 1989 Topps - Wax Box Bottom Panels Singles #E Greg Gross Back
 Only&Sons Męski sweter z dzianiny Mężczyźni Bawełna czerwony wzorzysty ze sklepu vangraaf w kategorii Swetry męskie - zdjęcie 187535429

========

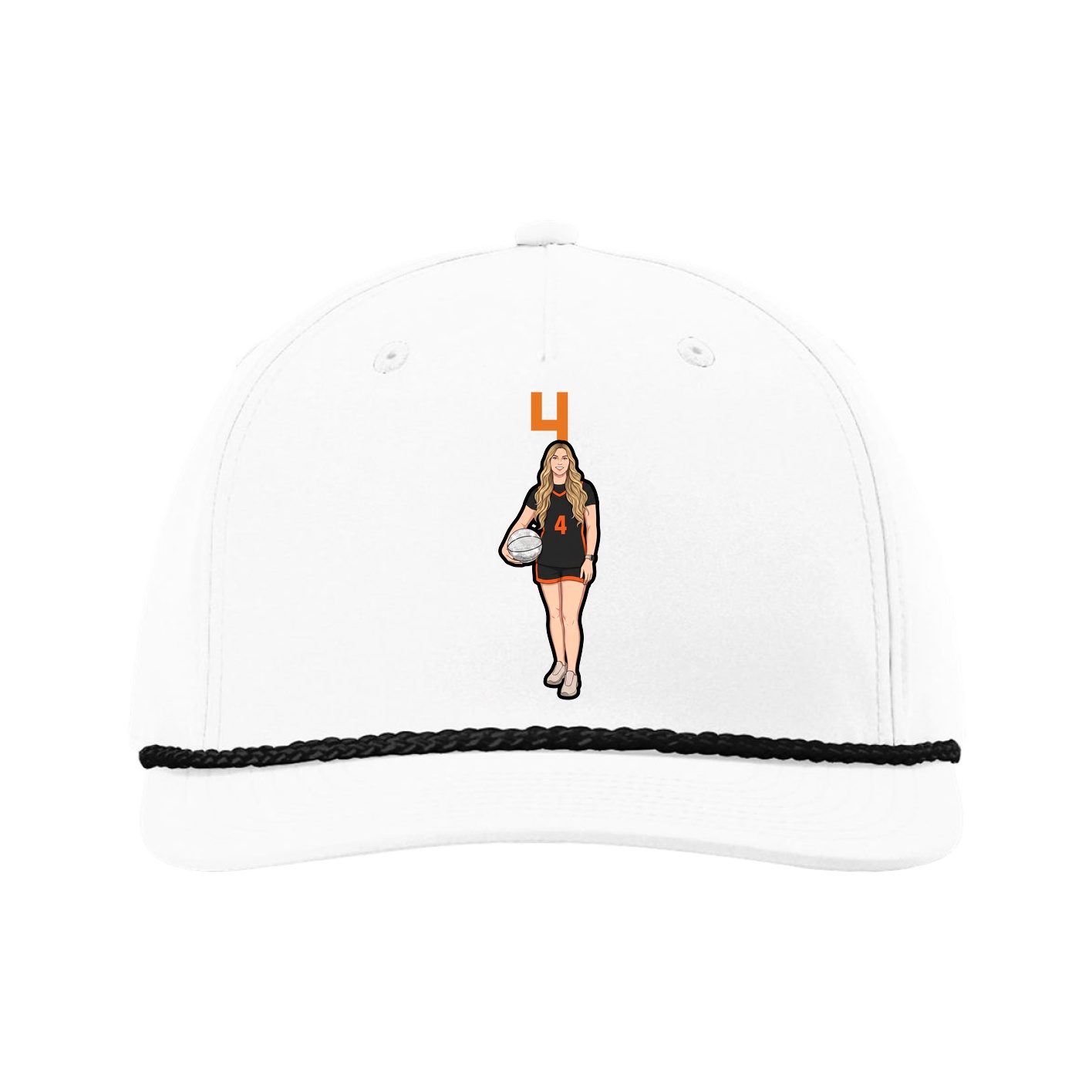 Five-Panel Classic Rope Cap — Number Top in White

========

#### EXERCISE:
Look back at the entries above and repeat, unchanged, every line from the line holding "1989 Topps - Wax" through the line holding "Only&Sons Męski sweter".

#### RESPONSE AREA:
 1989 Topps - Wax Box Bottom Panels Singles #E Greg Gross Back
 Only&Sons Męski sweter z dzianiny Mężczyźni Bawełna czerwony wzorzysty ze sklepu vangraaf w kategorii Swetry męskie - zdjęcie 187535429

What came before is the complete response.